Posted by: | December 7, 2011 | No Comment |

Remember the newspaper?

It used to come knocking at the door around six in the morning. It kept Dad busy for the first hour of the day. It made great wrapping paper and cushion for fragile pottery. Most of all, however, the newspaper did the most important job of keeping its readers informed.

“A newspaper owner gets a place at every table, access to all the top politicians’ ears, and the power to impose his worldview on his readers,” writes Jack Shafer in a 2009 article for Slate titled, “The Great Newspaper Crackup of 1918.”

The newspaper has recently suffered a few setbacks — namely, the Internet — and alas, it’s finally on its way out. Most journalist mourn the death of the newspaper, but I say, why not celebrate it?

The truth is while the newspaper is dying, journalism isn’t. In fact, I happen to believe that journalism is in a period of renaissance. The rebirth of word-of-mouth journalism in the form of blogging and micro-blogging has made way to a whole new wave of journalists that exert more creativity than any writer, editor or distributor of old news.

At the same time, we shouldn’t forget to celebrate the life of the newspaper, which, if you think about it, lasted an extremely long time. To be exact, if you include the tipao and the acta, the newspaper lived for well over 1,000 years. I’d say that’s a reason for praise.

One setback, however, of the rapid popularity and velocity of the Internet, is the cheapened state of journalism that the web has perpetuated. In a 2007 Wall Street Journal article titled, “Read All About It: How newspapers got into such a fix, and where they go from here,” Paul E. Steiger discusses the many implications of the death of newspapers and the rise of online journalism.

“Anyone with a fact, a comment, a snapshot or a video clip can self-publish and instantly compete with the professionals,” Steiger states.

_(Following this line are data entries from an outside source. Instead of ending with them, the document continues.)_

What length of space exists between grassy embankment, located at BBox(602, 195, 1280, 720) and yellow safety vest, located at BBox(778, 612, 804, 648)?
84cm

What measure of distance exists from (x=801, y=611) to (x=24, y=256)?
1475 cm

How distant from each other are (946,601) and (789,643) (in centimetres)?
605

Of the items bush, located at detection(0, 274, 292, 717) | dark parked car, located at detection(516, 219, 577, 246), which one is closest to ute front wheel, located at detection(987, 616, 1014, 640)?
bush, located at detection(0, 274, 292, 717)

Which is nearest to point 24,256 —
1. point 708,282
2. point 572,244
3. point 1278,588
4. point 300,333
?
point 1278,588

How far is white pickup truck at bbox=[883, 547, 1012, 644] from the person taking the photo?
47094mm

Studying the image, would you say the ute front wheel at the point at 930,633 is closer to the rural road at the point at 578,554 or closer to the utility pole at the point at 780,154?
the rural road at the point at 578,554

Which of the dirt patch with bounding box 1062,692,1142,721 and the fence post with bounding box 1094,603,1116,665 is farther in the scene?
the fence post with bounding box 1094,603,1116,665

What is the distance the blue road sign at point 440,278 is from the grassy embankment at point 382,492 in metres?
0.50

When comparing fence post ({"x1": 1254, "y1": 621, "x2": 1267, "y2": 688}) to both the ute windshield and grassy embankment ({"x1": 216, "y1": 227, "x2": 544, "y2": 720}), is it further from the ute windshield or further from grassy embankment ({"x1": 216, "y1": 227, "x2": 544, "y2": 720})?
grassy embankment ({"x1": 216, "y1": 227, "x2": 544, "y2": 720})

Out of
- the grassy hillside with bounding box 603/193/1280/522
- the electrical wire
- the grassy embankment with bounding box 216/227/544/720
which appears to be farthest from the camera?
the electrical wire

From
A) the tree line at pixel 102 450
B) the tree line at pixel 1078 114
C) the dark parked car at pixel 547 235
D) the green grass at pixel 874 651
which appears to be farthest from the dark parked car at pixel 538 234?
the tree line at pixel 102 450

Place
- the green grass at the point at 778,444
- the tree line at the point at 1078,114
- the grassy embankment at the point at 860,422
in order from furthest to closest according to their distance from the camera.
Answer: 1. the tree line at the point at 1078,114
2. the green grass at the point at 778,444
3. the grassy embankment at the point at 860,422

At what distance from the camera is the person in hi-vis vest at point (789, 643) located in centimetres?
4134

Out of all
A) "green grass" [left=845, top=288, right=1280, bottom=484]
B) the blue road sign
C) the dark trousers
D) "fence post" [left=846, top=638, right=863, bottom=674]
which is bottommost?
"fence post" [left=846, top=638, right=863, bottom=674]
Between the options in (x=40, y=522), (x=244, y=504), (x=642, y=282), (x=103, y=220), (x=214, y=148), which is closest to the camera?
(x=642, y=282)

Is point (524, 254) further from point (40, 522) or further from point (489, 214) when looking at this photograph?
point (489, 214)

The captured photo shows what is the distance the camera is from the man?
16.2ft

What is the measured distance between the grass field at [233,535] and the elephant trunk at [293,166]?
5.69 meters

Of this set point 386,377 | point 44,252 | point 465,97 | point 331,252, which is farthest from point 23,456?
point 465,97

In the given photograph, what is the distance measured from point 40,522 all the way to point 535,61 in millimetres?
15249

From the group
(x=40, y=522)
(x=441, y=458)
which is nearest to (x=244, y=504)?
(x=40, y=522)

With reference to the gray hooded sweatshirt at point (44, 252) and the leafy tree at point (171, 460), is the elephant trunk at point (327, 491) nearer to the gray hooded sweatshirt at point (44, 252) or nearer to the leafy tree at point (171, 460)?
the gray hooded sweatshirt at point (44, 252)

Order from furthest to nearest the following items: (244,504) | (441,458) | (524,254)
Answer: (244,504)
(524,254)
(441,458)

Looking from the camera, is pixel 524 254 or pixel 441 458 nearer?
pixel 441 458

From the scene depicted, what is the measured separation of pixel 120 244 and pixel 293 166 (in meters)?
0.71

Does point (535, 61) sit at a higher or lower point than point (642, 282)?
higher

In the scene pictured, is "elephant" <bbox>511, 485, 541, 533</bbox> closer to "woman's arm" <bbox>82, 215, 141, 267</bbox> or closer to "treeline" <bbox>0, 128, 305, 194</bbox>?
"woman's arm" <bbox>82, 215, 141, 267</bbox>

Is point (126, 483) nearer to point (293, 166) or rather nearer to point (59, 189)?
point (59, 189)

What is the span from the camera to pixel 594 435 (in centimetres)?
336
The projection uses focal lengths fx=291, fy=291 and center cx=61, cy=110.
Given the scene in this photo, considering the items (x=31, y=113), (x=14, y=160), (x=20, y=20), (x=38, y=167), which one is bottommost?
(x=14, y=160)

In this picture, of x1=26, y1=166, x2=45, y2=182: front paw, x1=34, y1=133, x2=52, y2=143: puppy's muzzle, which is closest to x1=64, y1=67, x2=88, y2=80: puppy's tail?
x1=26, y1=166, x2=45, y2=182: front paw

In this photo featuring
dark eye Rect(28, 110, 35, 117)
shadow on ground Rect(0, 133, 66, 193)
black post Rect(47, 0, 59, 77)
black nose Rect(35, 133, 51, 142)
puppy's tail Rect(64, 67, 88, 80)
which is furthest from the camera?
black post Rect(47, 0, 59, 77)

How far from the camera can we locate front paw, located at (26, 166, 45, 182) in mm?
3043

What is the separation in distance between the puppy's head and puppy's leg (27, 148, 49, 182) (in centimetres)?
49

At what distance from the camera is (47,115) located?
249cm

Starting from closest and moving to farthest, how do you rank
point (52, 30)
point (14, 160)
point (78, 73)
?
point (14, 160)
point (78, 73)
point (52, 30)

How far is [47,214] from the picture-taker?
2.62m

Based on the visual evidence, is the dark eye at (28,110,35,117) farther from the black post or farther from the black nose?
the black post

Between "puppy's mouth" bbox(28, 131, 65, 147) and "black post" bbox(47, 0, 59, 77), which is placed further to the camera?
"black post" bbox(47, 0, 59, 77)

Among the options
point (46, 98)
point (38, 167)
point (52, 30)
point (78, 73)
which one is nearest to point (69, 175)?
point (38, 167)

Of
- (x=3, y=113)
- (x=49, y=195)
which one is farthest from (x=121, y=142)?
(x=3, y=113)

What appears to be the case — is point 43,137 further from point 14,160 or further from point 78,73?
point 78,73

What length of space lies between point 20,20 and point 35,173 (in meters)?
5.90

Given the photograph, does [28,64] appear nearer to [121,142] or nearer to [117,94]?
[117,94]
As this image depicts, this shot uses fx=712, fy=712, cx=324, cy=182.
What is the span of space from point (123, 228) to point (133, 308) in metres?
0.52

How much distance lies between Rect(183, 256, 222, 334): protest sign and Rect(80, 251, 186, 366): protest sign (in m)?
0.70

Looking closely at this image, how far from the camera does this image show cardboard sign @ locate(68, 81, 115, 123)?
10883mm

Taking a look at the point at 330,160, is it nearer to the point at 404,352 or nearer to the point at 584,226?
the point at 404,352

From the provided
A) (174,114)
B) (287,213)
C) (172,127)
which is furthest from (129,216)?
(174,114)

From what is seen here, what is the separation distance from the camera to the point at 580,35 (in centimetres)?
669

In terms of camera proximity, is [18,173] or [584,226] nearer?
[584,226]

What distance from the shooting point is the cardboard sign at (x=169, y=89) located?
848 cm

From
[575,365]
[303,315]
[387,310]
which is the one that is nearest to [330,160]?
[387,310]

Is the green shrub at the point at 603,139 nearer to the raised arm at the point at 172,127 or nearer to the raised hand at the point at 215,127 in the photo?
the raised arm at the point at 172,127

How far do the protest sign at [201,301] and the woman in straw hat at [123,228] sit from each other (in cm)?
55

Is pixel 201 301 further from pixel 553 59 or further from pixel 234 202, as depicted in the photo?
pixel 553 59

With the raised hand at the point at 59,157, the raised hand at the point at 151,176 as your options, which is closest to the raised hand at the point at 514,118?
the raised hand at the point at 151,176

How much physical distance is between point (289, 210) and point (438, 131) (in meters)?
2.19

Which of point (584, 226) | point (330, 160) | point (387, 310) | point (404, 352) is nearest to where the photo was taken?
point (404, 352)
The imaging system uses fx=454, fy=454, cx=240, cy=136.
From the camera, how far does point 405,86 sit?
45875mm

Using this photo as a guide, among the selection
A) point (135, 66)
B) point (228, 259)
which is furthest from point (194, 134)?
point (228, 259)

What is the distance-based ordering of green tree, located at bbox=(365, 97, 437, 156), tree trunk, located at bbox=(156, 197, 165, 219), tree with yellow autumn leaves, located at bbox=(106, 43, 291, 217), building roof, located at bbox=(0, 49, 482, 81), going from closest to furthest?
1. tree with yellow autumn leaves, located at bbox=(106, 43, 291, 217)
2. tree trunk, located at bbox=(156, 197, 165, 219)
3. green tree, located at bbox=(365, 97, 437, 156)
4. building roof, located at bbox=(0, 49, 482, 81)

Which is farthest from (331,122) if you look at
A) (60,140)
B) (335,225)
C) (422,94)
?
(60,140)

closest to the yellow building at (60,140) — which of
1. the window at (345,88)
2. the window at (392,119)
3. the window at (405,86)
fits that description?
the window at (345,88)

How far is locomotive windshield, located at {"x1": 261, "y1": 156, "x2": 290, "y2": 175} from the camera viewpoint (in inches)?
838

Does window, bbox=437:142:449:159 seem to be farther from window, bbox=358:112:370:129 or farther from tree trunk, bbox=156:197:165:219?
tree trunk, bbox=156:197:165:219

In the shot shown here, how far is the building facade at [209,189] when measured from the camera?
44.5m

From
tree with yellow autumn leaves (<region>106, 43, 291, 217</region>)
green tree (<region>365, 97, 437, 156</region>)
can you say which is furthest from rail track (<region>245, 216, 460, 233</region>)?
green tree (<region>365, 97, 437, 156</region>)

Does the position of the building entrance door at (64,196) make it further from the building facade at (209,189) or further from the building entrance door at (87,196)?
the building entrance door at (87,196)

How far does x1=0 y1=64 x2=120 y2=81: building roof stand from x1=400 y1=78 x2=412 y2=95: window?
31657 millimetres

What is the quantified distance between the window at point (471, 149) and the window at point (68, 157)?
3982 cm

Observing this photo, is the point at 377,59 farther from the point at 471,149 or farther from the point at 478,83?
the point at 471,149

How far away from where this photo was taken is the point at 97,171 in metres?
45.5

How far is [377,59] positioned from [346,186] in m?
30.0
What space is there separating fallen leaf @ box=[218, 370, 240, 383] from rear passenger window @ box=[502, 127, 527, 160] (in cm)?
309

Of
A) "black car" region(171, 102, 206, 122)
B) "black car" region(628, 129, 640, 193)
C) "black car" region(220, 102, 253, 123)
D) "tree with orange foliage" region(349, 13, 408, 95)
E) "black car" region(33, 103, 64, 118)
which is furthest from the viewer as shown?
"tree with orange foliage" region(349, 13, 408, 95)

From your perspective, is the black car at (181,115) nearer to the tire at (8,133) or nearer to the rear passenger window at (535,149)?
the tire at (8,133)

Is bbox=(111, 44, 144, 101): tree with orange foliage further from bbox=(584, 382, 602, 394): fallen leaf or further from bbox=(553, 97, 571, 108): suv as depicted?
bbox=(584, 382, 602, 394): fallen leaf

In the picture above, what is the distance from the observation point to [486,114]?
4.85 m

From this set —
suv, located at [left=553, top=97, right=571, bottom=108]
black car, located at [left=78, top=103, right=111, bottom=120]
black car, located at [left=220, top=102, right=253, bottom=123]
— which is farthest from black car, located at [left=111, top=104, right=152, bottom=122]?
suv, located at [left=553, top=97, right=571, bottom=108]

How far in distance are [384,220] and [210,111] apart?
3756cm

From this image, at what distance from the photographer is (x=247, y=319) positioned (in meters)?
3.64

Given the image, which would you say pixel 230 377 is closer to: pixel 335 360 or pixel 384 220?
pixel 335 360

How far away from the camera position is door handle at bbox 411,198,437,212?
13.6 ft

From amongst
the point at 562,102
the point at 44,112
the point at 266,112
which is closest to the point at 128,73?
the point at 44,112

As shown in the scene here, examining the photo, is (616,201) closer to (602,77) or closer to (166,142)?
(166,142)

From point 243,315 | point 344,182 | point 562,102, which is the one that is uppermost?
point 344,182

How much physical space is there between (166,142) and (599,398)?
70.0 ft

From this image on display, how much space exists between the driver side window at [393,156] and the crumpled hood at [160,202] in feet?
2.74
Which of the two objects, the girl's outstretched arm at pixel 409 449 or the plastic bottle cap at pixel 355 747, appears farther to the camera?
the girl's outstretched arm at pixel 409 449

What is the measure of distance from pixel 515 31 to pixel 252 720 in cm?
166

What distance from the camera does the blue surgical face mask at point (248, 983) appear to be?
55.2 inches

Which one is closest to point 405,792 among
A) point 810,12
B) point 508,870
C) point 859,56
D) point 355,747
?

With the opportunity to be a journalist being given to anyone and everyone, there is the fear that it will lead to a less-informed public. I happen to believe that the mass boom of online bloggers and word-of-mouth news will be more reliable than network news and newspapers. The reasoning is that social media is self-correcting. If an inaccuracy is published, someone else will come along and correct it. This domino effect will take place until the truth is out. The real danger (in my opinion) lies in trusting a single gatekeeper (or a select few) to keep the public informed.